Mehr als zehn Prozent des Umschlags in italienischen Häfen entfallen zudem auf Schweizer Ein- oder Ausfuhren in Containern. Genua ist in diesem Bereich einer der herausragenden Häfen, da er auf den Containerumschlag ausgelegt ist und eine starke geografische Verbindung zur NEAT aufweist. Um das Risiko zu minimieren, bemühen sich die Schweizer Unternehmen
zudem aktiv um eine Diversifizierung ihrer Lieferanten und den Aufbau robusterer Lieferketten. Dabei nimmt die Bedeutung Asiens stetig zu. Das dem Schweizer Parlament vorliegende Freihandelsabkommen mit Indien soll nun rasch ratifiziert werden, Malaysia wird zu gegebener Zeit folgen. Wir haben bereits Abkommen mit Singapur, den Philippinen, Südkorea und Indonesien abgeschlossen und werden im Jahr 2024 ein neues Freihandelsabkommen mit Thailand unterzeichnen. Dies wird mehreren Gateways nach Europa und dem innereuropäischen Handel zugutekommen, insbesondere dem Schienengüterverkehr über die Alpenkorridore.
Im März empfing der Propeller Club eine Delegation der Häfen von Genua zu einer ausführlichen Diskussion über die Entwicklung globaler Lieferketten. Welchen Eindruck haben die Unternehmen mitgenommen? Sehen sie Möglichkeiten für eine fruchtbare Zusammenarbeit?

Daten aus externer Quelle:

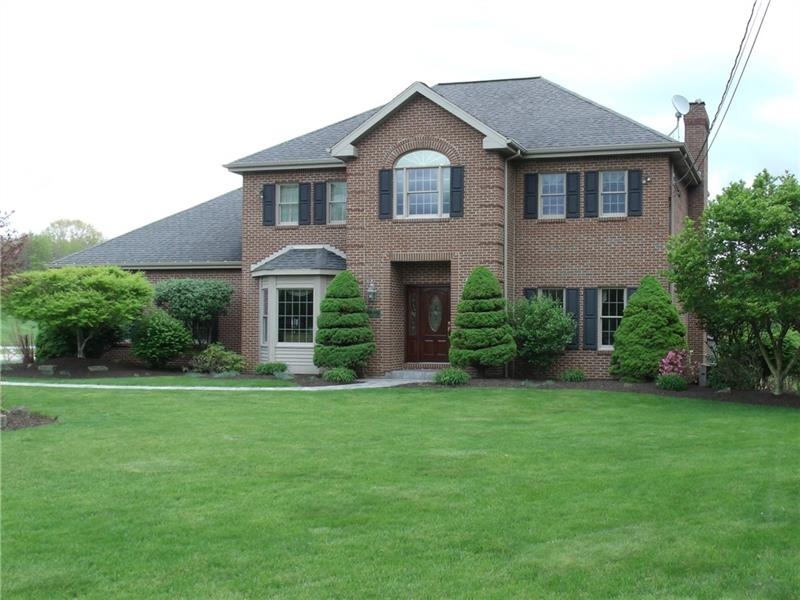 STATELY ALL BRICK COLONIAL WITH 2 CAR ATTACHED GAR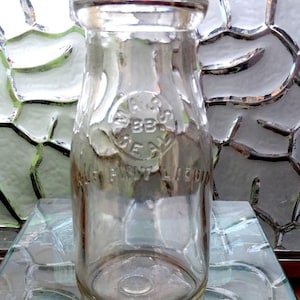 May include: Clear glass milk bottle with a rounded body and a narrow neck. The bottle has embossed text and a circular emblem. The words "PURE FIRST LIQUID" are visible. The bottle is sitting on a glass surface.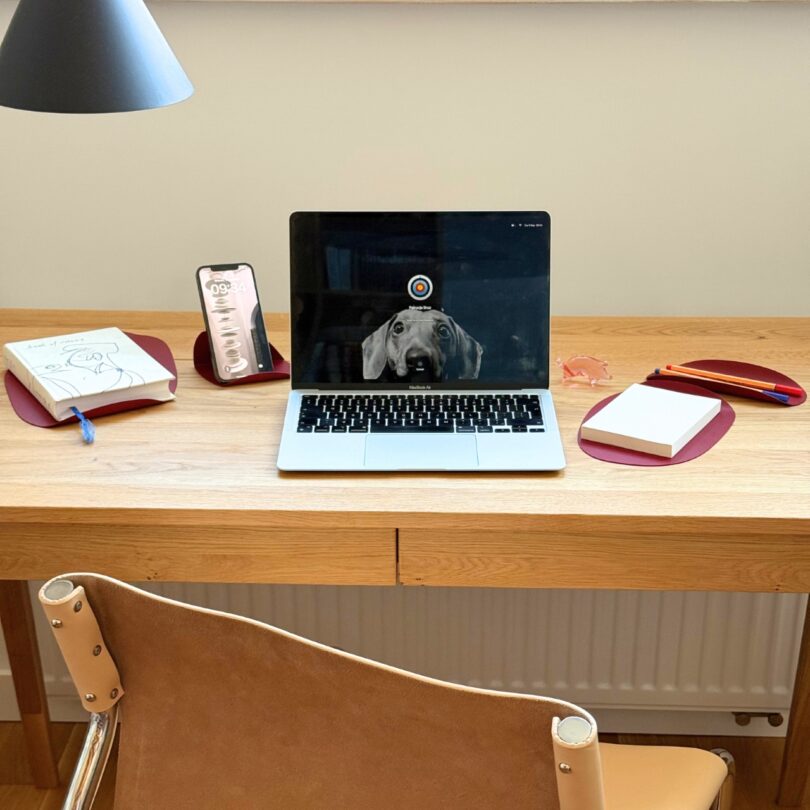 Una mesa de madera con un ordenador portátil, un perro, un teléfono, libretas, bolígrafos, notas adhesivas y una lámpara; se coloca una silla color canela frente a la mesa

Die knapp 80 Teilnehmer aus dem Logistik-Cluster der Region waren sehr positiv beeindruckt. Sie beteiligten sich aktiv an der Rede von Admiral Massimo Seno. Unter anderem erfuhren wir von massiven Investitionen in Höhe von drei Milliarden Euro in die Hafeninfrastruktur. Wir lernten die Vorteile Genuas als strategisches Tor für Schweizer Spediteure kennen. Dazu zählt beispielsweise der direkte Zugang zu globalen Handelsrouten. Während der transport logistic 2025 in München und bei einem weiteren Treffen in Genua werden die Gespräche fortgesetzt. Interessierte beider Seiten werden sich während der transport logistic 2025 in München und später in diesem Jahr in Genua treffen – vor Ort.